La tradition du deuil et de la douleur en Sicile
Armando Rotoletti métamorphose le réalisme en une vision spectrale qui ramène vers l’antique ritualité des gestes immuables.
La mort est mise en scène dans un noir et blanc qui souligne une vision baroque d’une Sicile immémoriale marquée par la tragédie.
Chaque séquence raconte et exalte des moments clés de l’esprit des lieux.
L’artiste a pour but de montrer une culture induite de tragédie grecque, de théâtralité espagnole, de célébrations religieuses et de rites païens.
Tout reste en cette Sicile, transcendé par des prises où sont dilatés le viscéral et le passionné : festin de vie, temps de mort.
Rotoletti travaille sur la tradition du deuil et de la douleur en Sicile depuis près de trois ans pour la fixer dans des images qui dépassent largement le document social et ethnographique.
Ce qui est destiné à disparaître se joue ici selon une iconologie qui semble immuable depuis des siècles. Visions baroques et objectivité du reportage mettent en scène les cérémonies mortuaires selon une vision vertigineuse et prégnante.
On pense parfois à une vision du Guépard de Visconti mais selon une version moins légère, là où la couleur laisse la place au noir que le blanc souligne dans des décors sublimes du deuil.
C’est comme si la mort en Sicile était “vécue” plus passionnément et viscéralement qu’ailleurs entre des moments paroxysmiques et une notion d’éternité.
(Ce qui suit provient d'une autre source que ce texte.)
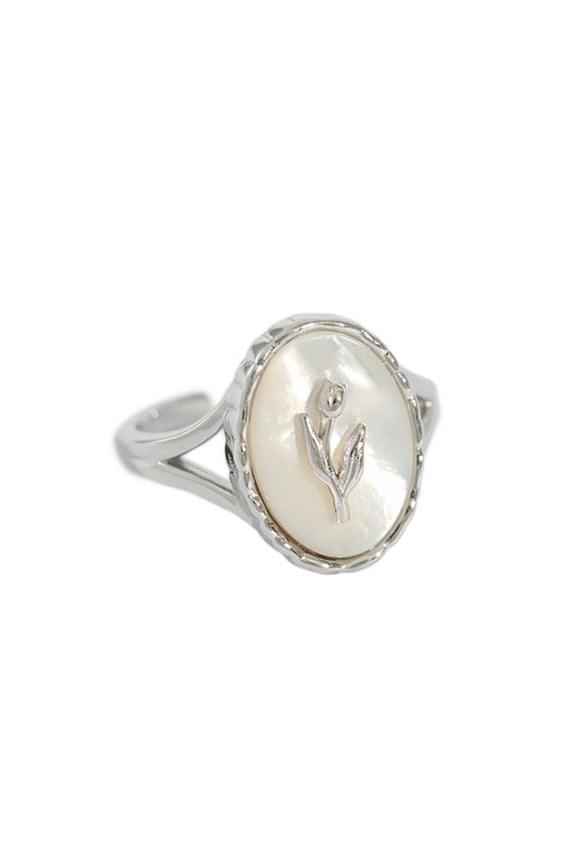 925 Sterling Silver Ring Tulip Shell Flower Elegant Retro Romantic Adjustable Jewelry Gift for Women Gift Idea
Le deuil est transcendé dans les “festivités” qui l’accompagnent là où la photographie offre un voyage extraordinaire.
Il dépasse le réel et fait entrer dans le mythe d’un temps sans âge.
jean-paul gavard-perret
Armando Rotoletti, Death in Sicily, Chiesa di San Vincenzo Ferreri, Ragusa Ibla, du 29 octobre au 21 novembre 2021.